Tactics of Fear
President Obama has made shutting down Guantanamo Bay a priority since he began running for the Democratic nomination a couple years ago. The detention facility in Cuba has been the target of much criticism from both Democrats and Republicans. The interrogation methods used there have violated international law, damaged America’s standing in the world, and served as a recruiting tool for terrorist organizations like Al Qaeda that thrive on propaganda.
Just two days after assuming office, President Obama signed an executive order suspending military commissions at Guantanamo and ordering that the facility be shut down within the year.
But that was more than nine months ago and progress has been slow since then on the logistics of moving the detainees. A military judge ruled in January that Abd al-Rahim al-Nashiri could not be put on trial, rejecting the White House’s request and creating an early hurdle for the administration. In May, the Senate voted 90-6 to block the funds needed to transfer the detainees to the United States.
Despite the volatile nature of this issue, some countries have agreed to accept a limited number of the detainees. A group of innocent Chinese Uighur Muslims were transferred to Palau. In June, Saudi Arabia agreed to accept three, while Iraq and Chad agreed to accept one each. A small controversy erupted that same week over the decision to send another four Uighur detainees to Bermuda – a British territory – without informing the British government. Other countries that have accepted prisoners include Italy and Ireland, not to mention some of the member states of the European Union.
In spite of these transfers, more than two hundred detainees remain at Guantanamo, which leaves meeting the January deadline for closing the facility increasingly less probable. Nevertheless, the Obama Administration has continued to look for maximum security facilities in the U.S. to house the detainees. One potential location is the Thomson prison here in Illinois.
Built in 2001 for $145 million, the Thomson maximum security prison remains completely empty. Many local leaders and politicians from Thomson Village President Jerry Hebeler to Senator Dick Durbin have supported the transfer of Guantanamo detainees to Thomson. At the local level, the move has the potential to bring in around $200 million and create 3,000 jobs, which would cut regional unemployment in half. And nationally, the move could help resolve the problems surrounding the closing of Guantanamo.
It comes as no surprise that plenty of people have opposed this move. One of the loudest voices of dissent has come from Congressman Don Manzullo, a man not known for his dazzling wit or intelligence. Manzullo recently came under fire for calling Islam a “savage religion,” a remark for which he hurriedly apologized once it began to receive national spotlight.
Manzullo has been even more outspoken about his opposition to the Thomson proposal.

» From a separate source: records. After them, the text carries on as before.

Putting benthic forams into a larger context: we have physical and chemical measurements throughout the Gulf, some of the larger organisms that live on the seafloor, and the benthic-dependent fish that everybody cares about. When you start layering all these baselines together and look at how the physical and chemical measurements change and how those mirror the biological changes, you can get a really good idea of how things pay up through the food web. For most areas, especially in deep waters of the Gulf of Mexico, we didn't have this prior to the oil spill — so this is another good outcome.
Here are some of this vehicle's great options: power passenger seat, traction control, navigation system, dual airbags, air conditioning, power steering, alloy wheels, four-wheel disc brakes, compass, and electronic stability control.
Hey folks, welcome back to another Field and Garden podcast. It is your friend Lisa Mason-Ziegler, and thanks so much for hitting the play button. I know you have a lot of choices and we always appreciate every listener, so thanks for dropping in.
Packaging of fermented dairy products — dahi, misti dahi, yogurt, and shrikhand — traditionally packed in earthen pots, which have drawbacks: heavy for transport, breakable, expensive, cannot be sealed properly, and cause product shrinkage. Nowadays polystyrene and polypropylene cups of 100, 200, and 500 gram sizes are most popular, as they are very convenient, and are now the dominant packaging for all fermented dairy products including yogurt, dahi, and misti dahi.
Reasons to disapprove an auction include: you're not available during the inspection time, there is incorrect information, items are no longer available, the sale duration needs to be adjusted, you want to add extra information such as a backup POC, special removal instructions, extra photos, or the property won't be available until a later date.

He has supported the efforts of extreme members of his party such as Congressman Mark Kirk, who recently bought the domain noterroristsinillinois.com as a campaign tactic, and who is now darkly warning of a “flow of terrorists” through O’Hare airport, leaving the Willis (Sears) Tower vulnerable to attack. Manzullo has also posted on his Twitter that he thinks that “Gitmo in Illinois” would give “evil the opportunity to… make dedicated jihadists lick their chops.”

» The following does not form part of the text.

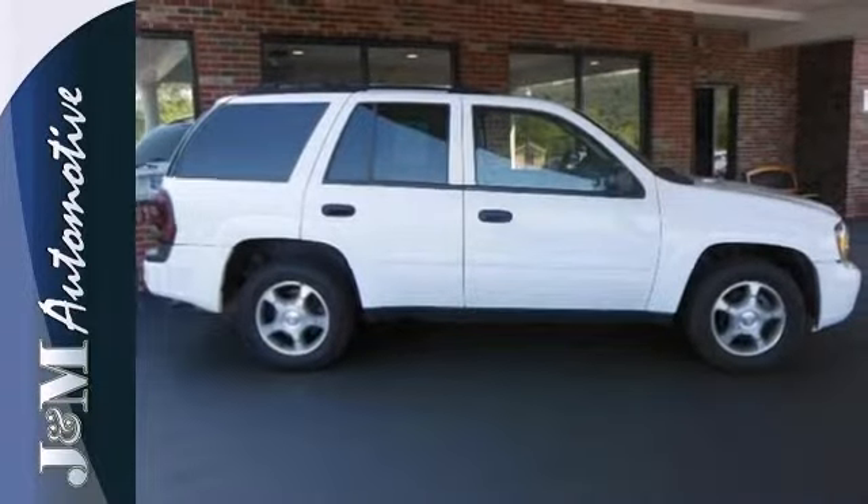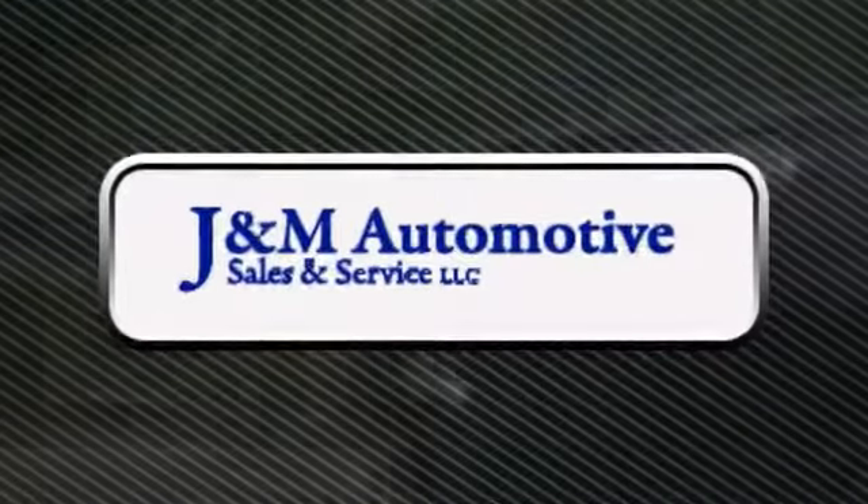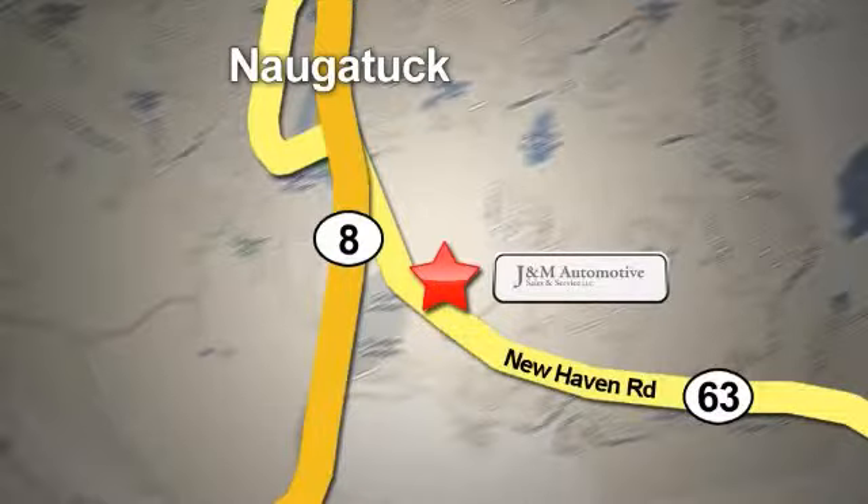It won't be here long, so come in for a test drive. You'll see a difference at J&M Auto Sales. Call or stop in today. We are conveniently located at 820 New Haven Road in Naugatuck, Connecticut.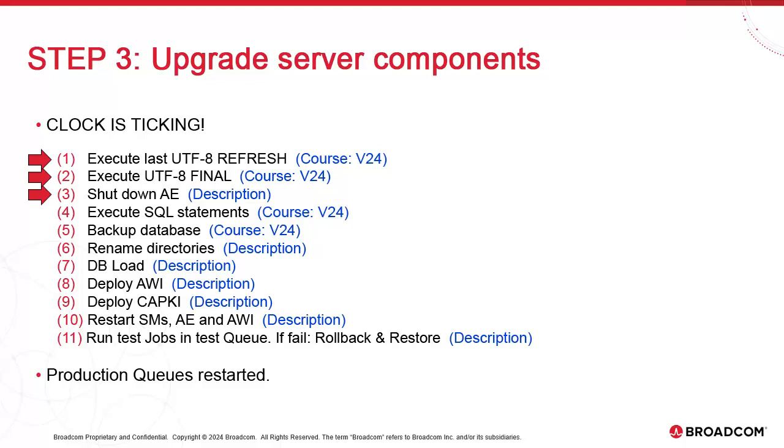We shut down the automation engine — first we stop production queues and clients, then APROPER. Ideally, you do this using the Service Manager, which performs a clean shutdown in the proper sequence. Failing this, you can use the kill term command, but under no circumstance should you use kill 9. The DBA team then executes the SQL statements, which copy to the destination database and recode to UTF-8 in the process. Then your DBA team performs a backup, which you'll plug into the planned restore point to restore Atomic with minimal effort.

These outrageous scare tactics are the sort of thing I would expect from a schoolyard bully, not a United States Congressman. It’s just another example of the sort of knee-jerk opposition to any Democratic proposal that has come to define the Republican Party since President Obama took office. I’ll borrow the sentiment from Saturday Night Live – Congressman Manzullo needs to grow a pair, and if he can’t then he should get Hillary to lend him hers.
In the broader context, the coarsening of the debate is not helping his party’s position at all. Just a few weeks ago, the Republicans lost the NY-23 primary for the first time since Abner Doubleday invented baseball. Americans want solutions, not fear mongering and knee-jerk opposition.
But even when you put aside his fear tactics aside for a moment, the arguments Manzullo is making don’t seem to hold much weight. Federal facilities already house many terrorists – including 216 international and 139 domestic terrorists. Thirty-five of these terrorists are housed in Illinois. None have ever escaped. There is also no evidence linking the imprisonment of terrorists to increased levels of local terrorism.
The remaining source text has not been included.